Plusieurs étudiants et étudiantes américain.es disent avoir été victimes d’injustice en raison des opinions politiques de leurs professeur.es. Selon certains et certaines spécialistes, le réel problème se situerait plutôt au niveau de la liberté dans les salles de classe, plutôt que dans la notation attribuée par les professeurs.
De récentes études menées par la Fondation sur les Droits Individuels en Éducation montrent que plus de 80% des étudiants et étudiantes des États-Unis se sont autocensuré.es dans le cadre de leurs cours en 2021. Eric Kaufmann, professeur de politique à l’Université de Londres est d’avis que plusieurs étudiants et étudiantes associent cette autocensure à la peur d’être jugés ou de voir leurs notes affectées. « Puisqu’il y a davantage de personnes à gauche dans les universités [aux États-Unis], la pression des pairs est très intense pour ne pas avoir l’air d’un conservateur, ce n’est pas quelque chose que tu veux admettre », déplore-t-il.
« Je pense que du point de vue d’un enseignant, c’est notre rôle de montrer aux étudiants comment former leurs propres opinions, et pas leur inculquer la nôtre », indique Jason Giersch, professeur associé au département de science politique et d'administration publique à l’Université de Caroline du Nord.
Concrètement, comme les personnes en classe sont craintives de parler librement de politique, cela peut faire en sorte que certains sujets, qui devraient normalement être débattus à l’université, ne le sont pas, pense M. Giersch.
La neutralité en classe
Eric Kaufmann croit que les professeurs ne devraient pas exprimer leurs opinions dans les cours. Cependant, ils et elles ne devraient pas être réprimé.es s’ils le font, puisque la liberté d’expression demeure.
« Je pense que les professeurs qui parlent de politique marchent toujours sur des œufs. [...] Dans certains cours, c’est difficile de dire si ce que dit un professeur est un fait, ou une opinion politique. [Les professeurs] devraient faire très attention de différencier les faits académiques de leurs points de vue », confie Sarah Tupper, une étudiante en planification communautaire en environnement à l’Université du New Hampshire, qui s’est déjà impliquée au sein du parti démocrate.

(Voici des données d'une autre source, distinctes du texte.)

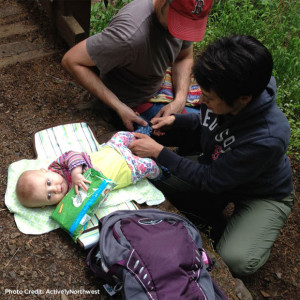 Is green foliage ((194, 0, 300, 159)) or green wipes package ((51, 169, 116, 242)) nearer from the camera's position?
green wipes package ((51, 169, 116, 242))

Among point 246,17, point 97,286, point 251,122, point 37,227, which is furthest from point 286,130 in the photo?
point 246,17

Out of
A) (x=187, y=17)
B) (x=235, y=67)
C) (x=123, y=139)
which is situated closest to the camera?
(x=235, y=67)

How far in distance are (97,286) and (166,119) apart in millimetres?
1357

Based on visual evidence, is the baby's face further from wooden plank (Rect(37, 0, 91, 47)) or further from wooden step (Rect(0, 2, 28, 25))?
wooden step (Rect(0, 2, 28, 25))

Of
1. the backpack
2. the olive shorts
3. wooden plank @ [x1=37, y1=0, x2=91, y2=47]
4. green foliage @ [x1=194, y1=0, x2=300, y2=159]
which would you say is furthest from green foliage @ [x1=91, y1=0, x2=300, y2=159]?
the backpack

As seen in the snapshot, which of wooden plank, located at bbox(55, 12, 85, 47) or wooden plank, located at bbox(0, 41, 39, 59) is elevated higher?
wooden plank, located at bbox(55, 12, 85, 47)

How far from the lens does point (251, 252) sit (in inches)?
106

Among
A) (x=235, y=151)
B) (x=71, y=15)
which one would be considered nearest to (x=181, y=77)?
(x=235, y=151)

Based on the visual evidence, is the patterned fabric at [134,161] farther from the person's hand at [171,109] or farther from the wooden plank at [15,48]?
the wooden plank at [15,48]

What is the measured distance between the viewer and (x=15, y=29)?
13.4ft

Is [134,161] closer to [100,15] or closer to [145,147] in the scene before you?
[145,147]

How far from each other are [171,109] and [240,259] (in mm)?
1357

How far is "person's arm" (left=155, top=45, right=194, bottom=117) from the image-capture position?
3.22m

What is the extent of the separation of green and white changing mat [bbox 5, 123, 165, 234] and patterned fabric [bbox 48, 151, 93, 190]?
18 cm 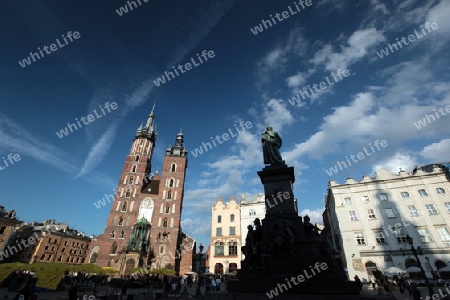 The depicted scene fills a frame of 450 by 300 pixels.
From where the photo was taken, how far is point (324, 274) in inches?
312

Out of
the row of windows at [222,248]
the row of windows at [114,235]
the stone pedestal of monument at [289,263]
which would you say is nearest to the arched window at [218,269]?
the row of windows at [222,248]

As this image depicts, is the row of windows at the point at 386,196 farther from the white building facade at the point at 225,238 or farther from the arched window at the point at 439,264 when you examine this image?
the white building facade at the point at 225,238

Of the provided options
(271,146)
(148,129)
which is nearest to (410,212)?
(271,146)

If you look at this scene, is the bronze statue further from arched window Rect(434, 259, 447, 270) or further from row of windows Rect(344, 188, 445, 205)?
row of windows Rect(344, 188, 445, 205)

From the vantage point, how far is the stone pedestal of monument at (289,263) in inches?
303

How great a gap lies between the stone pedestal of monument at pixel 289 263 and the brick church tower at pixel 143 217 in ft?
111

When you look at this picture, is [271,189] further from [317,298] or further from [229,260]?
[229,260]

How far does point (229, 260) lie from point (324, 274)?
33.0 meters

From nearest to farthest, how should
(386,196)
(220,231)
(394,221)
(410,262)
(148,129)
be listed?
(410,262) < (394,221) < (386,196) < (220,231) < (148,129)

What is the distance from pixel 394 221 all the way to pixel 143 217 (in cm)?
4002

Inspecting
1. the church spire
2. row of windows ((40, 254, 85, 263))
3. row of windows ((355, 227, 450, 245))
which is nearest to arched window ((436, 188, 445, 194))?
row of windows ((355, 227, 450, 245))

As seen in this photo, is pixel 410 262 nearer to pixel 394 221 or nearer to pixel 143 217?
pixel 394 221

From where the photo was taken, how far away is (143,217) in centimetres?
Answer: 4222

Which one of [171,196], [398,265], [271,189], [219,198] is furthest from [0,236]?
[398,265] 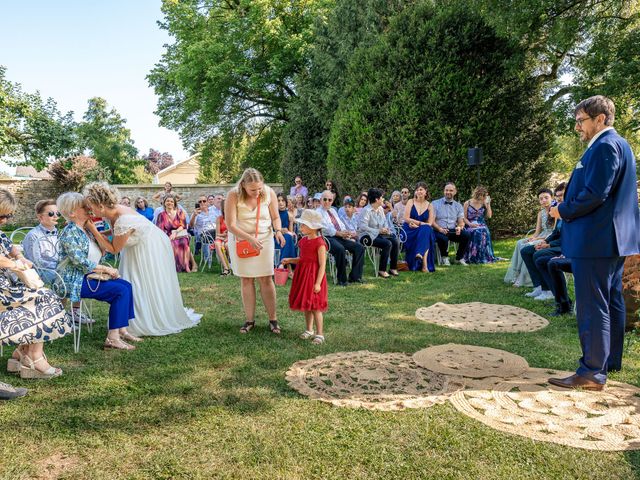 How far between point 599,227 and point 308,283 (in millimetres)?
2549

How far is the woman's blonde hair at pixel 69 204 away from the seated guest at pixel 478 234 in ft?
24.3

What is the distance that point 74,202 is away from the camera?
4465mm

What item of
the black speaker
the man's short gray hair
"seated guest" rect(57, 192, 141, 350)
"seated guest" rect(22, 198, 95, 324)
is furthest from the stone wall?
the man's short gray hair

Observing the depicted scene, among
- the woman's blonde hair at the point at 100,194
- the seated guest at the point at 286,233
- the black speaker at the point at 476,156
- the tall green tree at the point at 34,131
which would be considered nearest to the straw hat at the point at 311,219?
the woman's blonde hair at the point at 100,194

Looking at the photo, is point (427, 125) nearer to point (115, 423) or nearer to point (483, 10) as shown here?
point (483, 10)

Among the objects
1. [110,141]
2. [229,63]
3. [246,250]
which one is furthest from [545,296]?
[110,141]

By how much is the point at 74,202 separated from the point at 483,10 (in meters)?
Result: 10.7

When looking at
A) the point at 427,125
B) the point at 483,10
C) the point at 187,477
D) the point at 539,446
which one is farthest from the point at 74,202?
the point at 483,10

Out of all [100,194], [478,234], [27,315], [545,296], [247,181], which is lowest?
[545,296]

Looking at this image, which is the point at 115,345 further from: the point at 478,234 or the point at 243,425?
the point at 478,234

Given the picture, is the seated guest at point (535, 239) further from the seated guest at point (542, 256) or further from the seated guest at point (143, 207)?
the seated guest at point (143, 207)

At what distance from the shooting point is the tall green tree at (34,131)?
2316 cm

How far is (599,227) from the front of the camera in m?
3.44

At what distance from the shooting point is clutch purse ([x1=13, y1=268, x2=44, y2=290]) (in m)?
3.59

Plusieurs chercheurs et chercheuses indiquent que la communauté étudiante apprécie généralement qu’un ou une professeure exprime légèrement ses opinions dans le cadre d’un cours. « Nous avons trouvé que les étudiants tendent à aimer quand les professeurs abordent des sujets controversés dans leurs cours, et les étudiants sont d’accord si le professeur exprime son opinion, mais il y a une limite que l’enseignant ne doit pas dépasser », explique M. Giersch. Pour lui, cette limite est que les professeur.es ne devraient jamais noter leurs étudiants sur leur capacité à adopter leur opinion.
Dans un monde idéal, il y aurait de vrais débats et discussions entre les étudiants et les étudiantes dans le cadre des cours, mais en ce moment ce n’est pas le cas, puisque plusieurs ont peur de prendre la parole, pense Eric Kaufmann.
Qualité de l’enseignement et biais politique
Le phénomène des personnes étudiantes qui disent avoir été notées différemment en raison de leurs opinions politiques est certes existant, mais ça reste l’enjeu de la liberté d'expression qui prévaut au sein des salles de cours. « Je ne pense pas que cela arrive autant que ce que les gens le craignent. [...] Est-ce que ça arrive? Oui, j’en suis convaincu. Est-ce que cela arrive très souvent? Je ne pense pas », nuance Jason Giersch. « Je pense que dans la sphère publique on a entendu parler de professeurs qui endoctrinent leurs étudiants [...] mais ça n’arrive pas aussi souvent que certains peuvent le penser », précise-t-il.
Sarah Tupper n'a jamais vu de telle situation. Elle affirme toutefois avoir vu certaines personnes blâmer leurs professeur.es sur le site Rate My Professor, une plateforme où il est possible de noter son ou sa professeure selon différents critères Ces derniers et dernières auraient orienté leurs cours en fonction de leur mentalité politique, causant un biais évident.
Les deux professeurs sont clairs et s’entendent sur un sujet: ils font preuve de beaucoup de prudence en abordant les sujets qui divisent dans leurs cours. « J’ai tendance à être neutre [en abordant des sujets sensibles] [...] surtout quand j’enseigne à des plus grands groupes. [...] Dans d’autres cours, où les classes sont plus petites, je partage plus avec mes étudiants et j’ai tendance à les inviter à me confronter », raconte M. Giersch.
Selon Sarah Tupper, discuter de politique en classe demeure malgré tout très important et inévitable, pour autant que cela soit fait de la bonne manière. « Je pense que le fait que les étudiants puissent parler de politique en classe est quelque chose d’important. Comparer ses opinions et en discuter sainement, ça c’est essentiel », résume-t-elle.